Effort and Cost Estimation Using Decision Tree Techniques and Story Points in Agile Software Development
Round 1
Reviewer 1 Report
The purpose of this paper is to explore the use of hybrid models that combine algorithmic models and learning-oriented techniques as a method for project-level effort estimation in agile software development. Effort estimation in agile frameworks such as Scrum uses the story point approach, which measures the effort required to complete a release of the system using an arithmetic scale.
The authors in this paper uses labeled historical data to estimate the completion time and total cost of a project, measured in days and rupees respectively. The Decision Tree, Random Forest, and AdaBoost techniques are used to improve the accuracy of predictions.
Models are trained using 10-Fold cross-validation and the relative error is used to compare the results with existing literature. The Bagging ensemble made up of the three techniques provides the highest accuracy and project classification also improves the estimates. This study contributes to the limited research on effort estimation in agile software development using artificial intelligence and provides insight into the potential benefits of using hybrid models for project-level effort estimation.
This study contributes to the Models in Software Engineering and fit the scope of this special issue. However, it would be even better if the following issues were considered:
It would be helpful to provide more context and background information on agile software development and the importance of effort and cost estimation in the field.
The choice of Decision Trees, Random Forest, and AdaBoost techniques should be explained and justified in more detail, including the specific reasons for why these techniques were chosen over others.
The labeling of the projects should be explained in greater detail, including the method used for labeling and why this method was deemed the best choice.
The results section could be made clearer and more concise, perhaps by presenting the results in the form of tables or graphs, and including a discussion of the limitations of the study and any areas for future research.
It would be useful to compare the results of this study with previous research in the field, and to discuss how the results contribute to the overall understanding of effort and cost estimation in agile software development.

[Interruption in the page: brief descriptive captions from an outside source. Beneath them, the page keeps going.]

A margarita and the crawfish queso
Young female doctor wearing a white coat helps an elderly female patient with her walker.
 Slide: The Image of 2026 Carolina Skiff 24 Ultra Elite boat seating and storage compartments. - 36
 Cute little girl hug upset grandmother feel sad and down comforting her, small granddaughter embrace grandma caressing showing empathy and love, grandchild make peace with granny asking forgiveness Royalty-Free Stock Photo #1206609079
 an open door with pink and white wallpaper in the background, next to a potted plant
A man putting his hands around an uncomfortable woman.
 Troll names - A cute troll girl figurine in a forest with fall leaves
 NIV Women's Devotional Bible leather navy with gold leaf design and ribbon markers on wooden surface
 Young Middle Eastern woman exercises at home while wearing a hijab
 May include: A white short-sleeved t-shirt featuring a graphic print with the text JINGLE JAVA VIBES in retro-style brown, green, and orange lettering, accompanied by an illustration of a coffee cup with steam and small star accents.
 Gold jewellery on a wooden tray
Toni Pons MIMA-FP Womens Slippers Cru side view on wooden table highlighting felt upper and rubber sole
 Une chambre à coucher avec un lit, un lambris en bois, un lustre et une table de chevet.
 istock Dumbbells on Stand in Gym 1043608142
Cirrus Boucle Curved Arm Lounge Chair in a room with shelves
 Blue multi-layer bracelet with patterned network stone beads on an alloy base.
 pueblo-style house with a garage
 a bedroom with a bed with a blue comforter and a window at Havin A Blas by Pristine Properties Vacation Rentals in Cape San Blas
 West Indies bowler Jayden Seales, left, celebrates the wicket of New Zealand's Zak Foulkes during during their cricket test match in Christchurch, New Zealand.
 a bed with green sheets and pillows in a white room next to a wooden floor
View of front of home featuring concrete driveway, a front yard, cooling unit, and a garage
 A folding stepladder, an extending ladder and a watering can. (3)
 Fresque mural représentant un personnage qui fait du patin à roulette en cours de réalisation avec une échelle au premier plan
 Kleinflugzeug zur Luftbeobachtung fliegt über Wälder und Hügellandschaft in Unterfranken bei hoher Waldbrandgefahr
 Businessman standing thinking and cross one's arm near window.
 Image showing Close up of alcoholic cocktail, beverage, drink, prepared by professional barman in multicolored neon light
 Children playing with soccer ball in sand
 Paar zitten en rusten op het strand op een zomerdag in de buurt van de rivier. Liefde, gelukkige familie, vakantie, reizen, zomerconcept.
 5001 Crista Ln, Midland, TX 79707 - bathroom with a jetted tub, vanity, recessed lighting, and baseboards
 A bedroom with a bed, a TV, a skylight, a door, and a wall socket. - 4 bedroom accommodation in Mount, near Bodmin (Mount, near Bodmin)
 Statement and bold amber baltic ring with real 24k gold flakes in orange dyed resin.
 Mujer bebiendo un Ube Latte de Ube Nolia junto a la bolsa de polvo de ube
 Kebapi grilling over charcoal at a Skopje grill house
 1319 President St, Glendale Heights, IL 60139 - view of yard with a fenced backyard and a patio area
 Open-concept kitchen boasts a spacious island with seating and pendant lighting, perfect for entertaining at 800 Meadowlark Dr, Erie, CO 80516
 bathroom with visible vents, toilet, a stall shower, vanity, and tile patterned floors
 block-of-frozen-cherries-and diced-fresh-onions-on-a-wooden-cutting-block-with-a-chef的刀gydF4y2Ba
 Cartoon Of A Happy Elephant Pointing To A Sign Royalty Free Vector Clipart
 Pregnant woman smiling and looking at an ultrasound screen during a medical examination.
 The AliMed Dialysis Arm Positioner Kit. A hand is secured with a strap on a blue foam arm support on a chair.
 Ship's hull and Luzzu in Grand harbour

The conclusions section should be strengthened by highlighting the implications of the study for practice, including specific recommendations for practitioners who want to improve their estimation accuracy.
Consider including more information about the dataset used in the study, including the size, source, and any relevant details that would help readers understand the validity and generalizability of the results.
The language and terminology used in the paper should be made more accessible to a wider audience, especially those who may not be familiar with the technical details of machine learning techniques.
Author Response
Please see the attachment.
Author Response File: Author Response.pdf
Reviewer 2 Report
Effort and cost estimation in software development projects is a crucial aspect for ensuring successful delivery of the project within the given timeline and budget. The paper under consideration, titled "Effort and Cost Estimation Using Decision Tree Techniques and Story Points in Agile Software Development", proposes the use of hybrid models composed of algorithmic models and learning-oriented techniques for project-level effort estimation in agile frameworks.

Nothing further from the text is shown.